L’ex ambasciatore Giffoni assolto dopo 4 anni. Espulso e malato, viveva con la pensione materna

martedì 28 Settembre 20:36 - di Redazione
Giffoni

«Il fatto non sussiste». Quattro parole che rappresentano per molti imputati (troppi, in verità) una formula magica, prima ancora che giudiziaria. Quella che restituisce loro la reputazione e, per molti versi, la vita stessa. Non è un caso che spesso chi la sente pronunciare con l’animo carico di tensione si sciolga poi in un pianto liberatorio.
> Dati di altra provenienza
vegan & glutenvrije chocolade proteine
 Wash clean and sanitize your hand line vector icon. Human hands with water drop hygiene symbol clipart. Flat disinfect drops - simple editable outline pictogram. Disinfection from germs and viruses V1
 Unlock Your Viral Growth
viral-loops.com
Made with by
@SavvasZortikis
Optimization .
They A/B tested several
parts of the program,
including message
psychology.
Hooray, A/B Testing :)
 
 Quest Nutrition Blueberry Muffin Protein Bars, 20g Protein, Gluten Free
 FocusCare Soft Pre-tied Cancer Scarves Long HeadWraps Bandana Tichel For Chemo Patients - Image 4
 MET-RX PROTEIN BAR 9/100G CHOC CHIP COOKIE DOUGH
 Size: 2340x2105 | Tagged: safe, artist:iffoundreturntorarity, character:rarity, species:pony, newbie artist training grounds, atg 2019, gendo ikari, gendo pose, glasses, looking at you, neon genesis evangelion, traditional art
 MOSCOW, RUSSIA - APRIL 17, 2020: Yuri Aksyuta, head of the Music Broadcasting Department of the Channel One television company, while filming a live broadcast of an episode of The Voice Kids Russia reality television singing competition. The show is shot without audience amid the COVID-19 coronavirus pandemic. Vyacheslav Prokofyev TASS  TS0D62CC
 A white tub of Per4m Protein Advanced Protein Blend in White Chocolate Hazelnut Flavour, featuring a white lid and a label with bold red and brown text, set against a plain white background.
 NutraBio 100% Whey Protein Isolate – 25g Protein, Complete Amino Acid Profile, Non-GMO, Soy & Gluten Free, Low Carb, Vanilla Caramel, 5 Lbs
Esattamente quel che è capitato a Michael Giffoni (in abiti civili nella foto), dopo che i giudici hanno stabilito che non ha mai formato una associazione a delinquere né ha mai favorito l’immigrazione clandestina dalla nazione balcanica. Giffoni, salernitano, è l’ex ambasciatore italiano in Kosovo: il 27 settembre una sentenza lo ha assolto dopo quattro anni di processo e sette anni di accuse terribili. Addirittura insopportabili per uno con tanti anni di servizio (ben 23) di specchiata carriera diplomatica.

Era accusato di favorire l’immigrazione clandestina

Giffoni aveva infatti guidato la task-force per i Balcani di Javier Solana quando questi ricopriva la carica di Alto rappresentante per la Politica estera Ue. Da lì era passato a direttore per il Nord Africa alla Farnesina e dal 2008 al 2013 primo ambasciatore d’Italia in Kosovo. L’anno dopo arriva la sospensione dal servizio. A travolgerlo è un’inchiesta sui traffici di visti e permessi di soggiorno dall’ambasciata italiana a Pristina. Tra i beneficiari dei documenti falsi anche tre terroristi jihadisti di origine kosovara, entrati in Italia facendo poi perdere le tracce, tranne per uno fattosi saltare in aria in un attentato in Iraq. Appena indagato, la Farnesina lo espelle dal corpo diplomatico senza stipendio. Per un diplomatico equivale alla fucilazione di un militare per alto tradimento.

Michael Giffoni mai reintegrato nonostante le sentenze del Tar

Inutili risulteranno le due vittorie davanti al Tar che ne ordinano il reintegro. Prima l’allora ministra Federica Mogherini e poi il segretario generale Elisabetta Belloni gli oppongono un insuperabile diniego. Tutto questo in assenza di sentenza. Quella che è arrivata ieri lo scagiona. I permessi falsi li rilasciava il suo collaboratore locale. Ma lui era all’oscuro di tutto. Per Giffoni è la fine di un incubo. Nel frattempo ha subito di tutto: l’espulsione dal corpo diplomatico, due infarti, un ictus, un tumore. Anche il suo matrimonio è finito. «Mi è rimasto vicino solo mio figlio di 12 anni e son dovuto tornare in casa da mia mamma, a sopravvivere con la sua pensione», è lo sfogo consegnato al Corriere della Sera. Nessuno gli potrà restituire quel che ha ceduto.